Remember when you were knee high to a grasshopper? Remember the "Why?" game where you would ask "Why?" of every situation imaginable, and of every response? What the hell ever happened to that?

In my mind, it seems that a great many things would be different about our world if people would just inquire about things ad nauseum. Why do we have to war with people for oil we don't need? Why did the guy who the people didn't vote into office get to be President? Why does the media even bother running a story about human cloning that comes from a cult of whack-os? (I mean, really people, is there anyone who honestly thinks aliens called "Elohim" made mankind as clones, then came back to tell a French dude in a volcano during the '70's?)

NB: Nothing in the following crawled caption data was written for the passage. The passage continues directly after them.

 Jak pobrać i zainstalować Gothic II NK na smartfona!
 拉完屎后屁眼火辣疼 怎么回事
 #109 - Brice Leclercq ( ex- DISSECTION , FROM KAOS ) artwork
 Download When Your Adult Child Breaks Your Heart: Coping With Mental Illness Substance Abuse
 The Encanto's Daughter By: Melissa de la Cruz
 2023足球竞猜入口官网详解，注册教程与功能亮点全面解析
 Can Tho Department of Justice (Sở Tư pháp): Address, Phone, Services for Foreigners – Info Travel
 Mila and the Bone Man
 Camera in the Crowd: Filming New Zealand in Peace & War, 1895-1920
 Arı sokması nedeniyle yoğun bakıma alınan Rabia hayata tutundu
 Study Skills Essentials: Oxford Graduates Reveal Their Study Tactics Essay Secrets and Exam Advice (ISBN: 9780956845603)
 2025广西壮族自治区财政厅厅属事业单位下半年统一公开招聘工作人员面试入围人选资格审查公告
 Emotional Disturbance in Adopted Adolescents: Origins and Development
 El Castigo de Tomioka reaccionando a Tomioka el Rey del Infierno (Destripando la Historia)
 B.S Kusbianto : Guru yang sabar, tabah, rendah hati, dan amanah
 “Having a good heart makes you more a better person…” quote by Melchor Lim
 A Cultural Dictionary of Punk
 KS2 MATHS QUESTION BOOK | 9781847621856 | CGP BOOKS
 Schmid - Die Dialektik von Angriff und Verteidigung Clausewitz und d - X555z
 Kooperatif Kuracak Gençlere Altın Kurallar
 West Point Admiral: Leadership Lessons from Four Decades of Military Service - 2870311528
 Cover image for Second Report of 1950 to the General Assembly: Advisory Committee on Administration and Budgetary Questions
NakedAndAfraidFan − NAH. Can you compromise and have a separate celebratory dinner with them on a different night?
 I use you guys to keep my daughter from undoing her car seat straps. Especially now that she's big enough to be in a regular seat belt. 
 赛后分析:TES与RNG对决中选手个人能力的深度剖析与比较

The veritable corna copia o'shit that's going on in the current events section of life as we know it seems to be going unchecked. Are we being bred by elders too lazy to keep answering our questions? Is it easier to make someone feel bad about asking questions than it is to admit you don't know the answer? Perhaps it's that we're afraid of having to face the fact that the answers to the most poignant questions are stupid. That's right, stupid answers.

"WHY X?"

"BECAUSE N."

"BUT THAT'S STUPID."

"YES, WELL, ER, IT'S ALWAYS BEEN THAT WAY, BLAH BLAH TRADITION, BLAH RULES, BLAH CAN'T CHANGE THINGS, BLAH DON'T ROCK THE BOAT, BLAH NOT MY FAULT."

I have to imagine that similar scenarios are to blame for our complacency as we get older. The more you ask questions and receive unfulfilling smoke screens or thinly veiled untruths as answers, the less likely you are to ask questions again.

Why?

Back to work, clean your room, I dunno, because, why not, who knows, and that's just the way it is.